## DATA SECTION

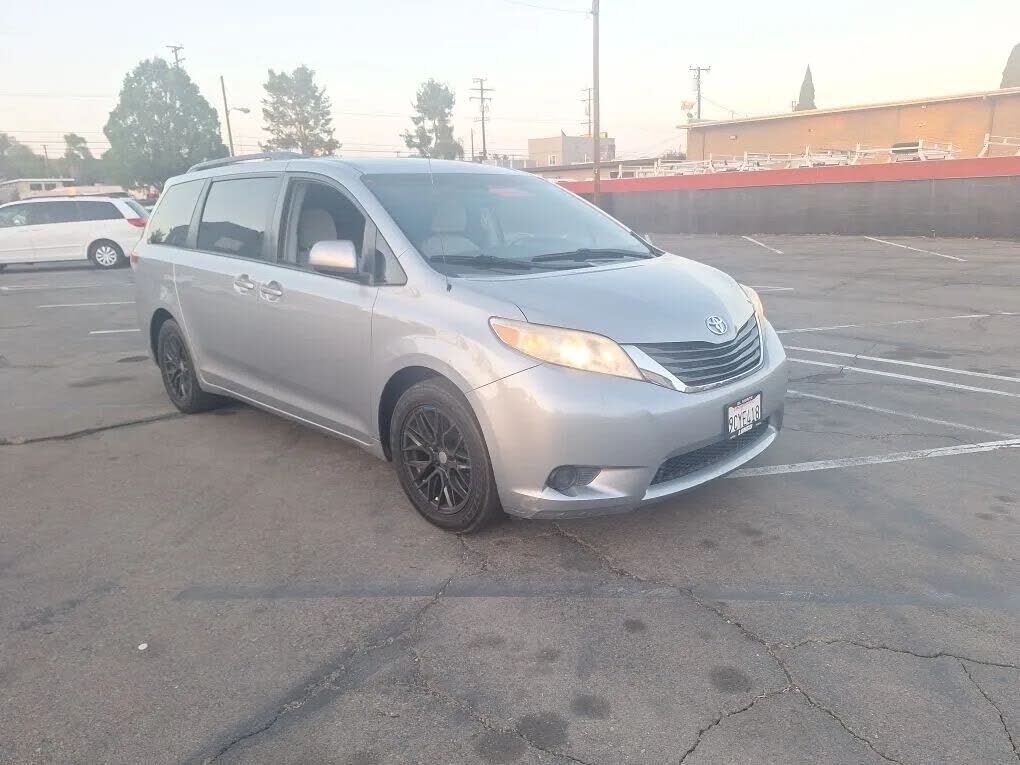 2014 TOYOTA Sienna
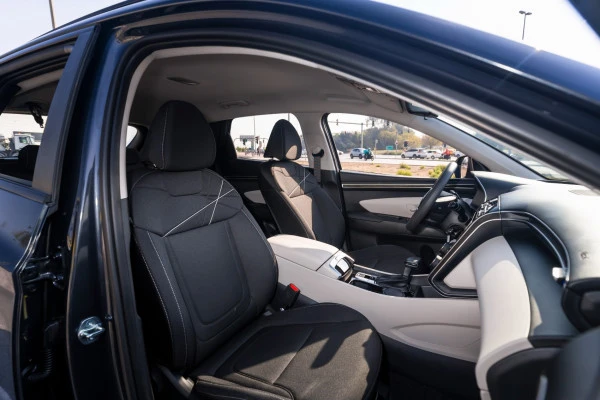  Black Hyundai Tucson Photo 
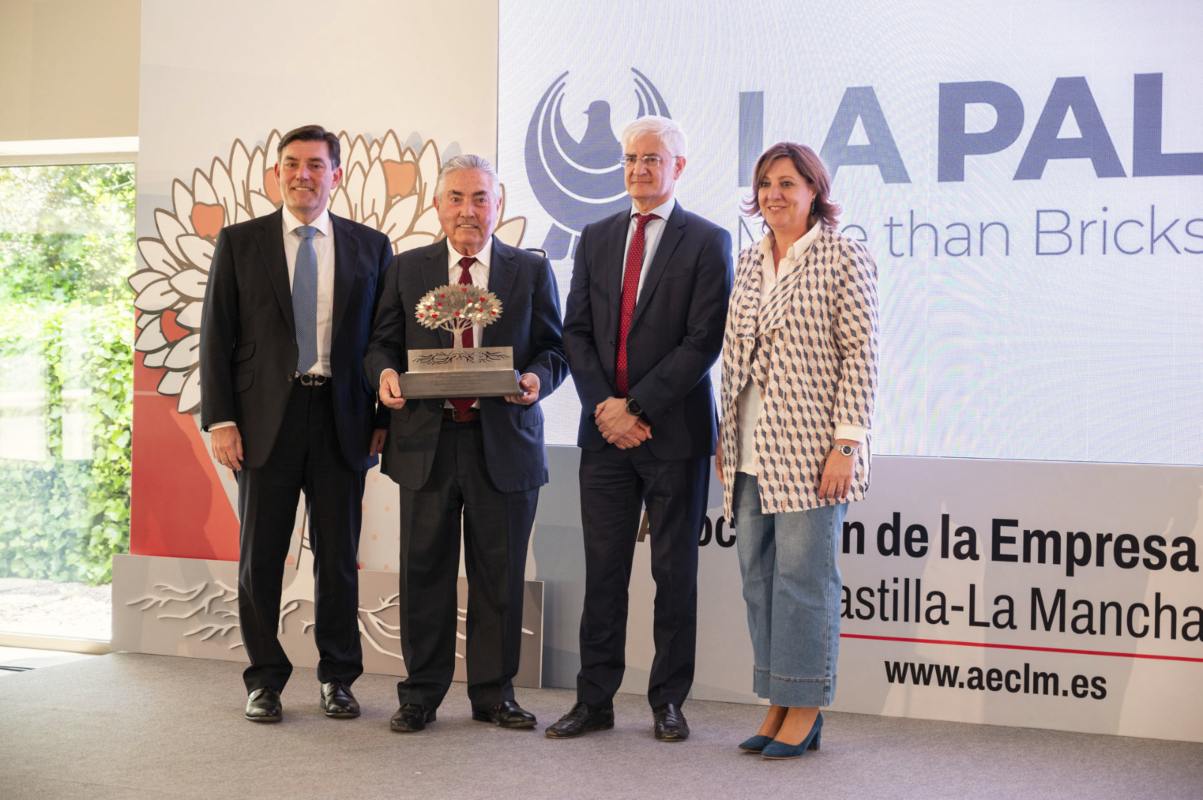 Premio Empresa Familiar, para "La Paloma Cerámicas".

## YOUR GOAL
Transcribe the listing above exactly, leaving every picture out.

## SOLUTION
 2014 TOYOTA Sienna
  Black Hyundai Tucson Photo 
 Premio Empresa Familiar, para "La Paloma Cerámicas".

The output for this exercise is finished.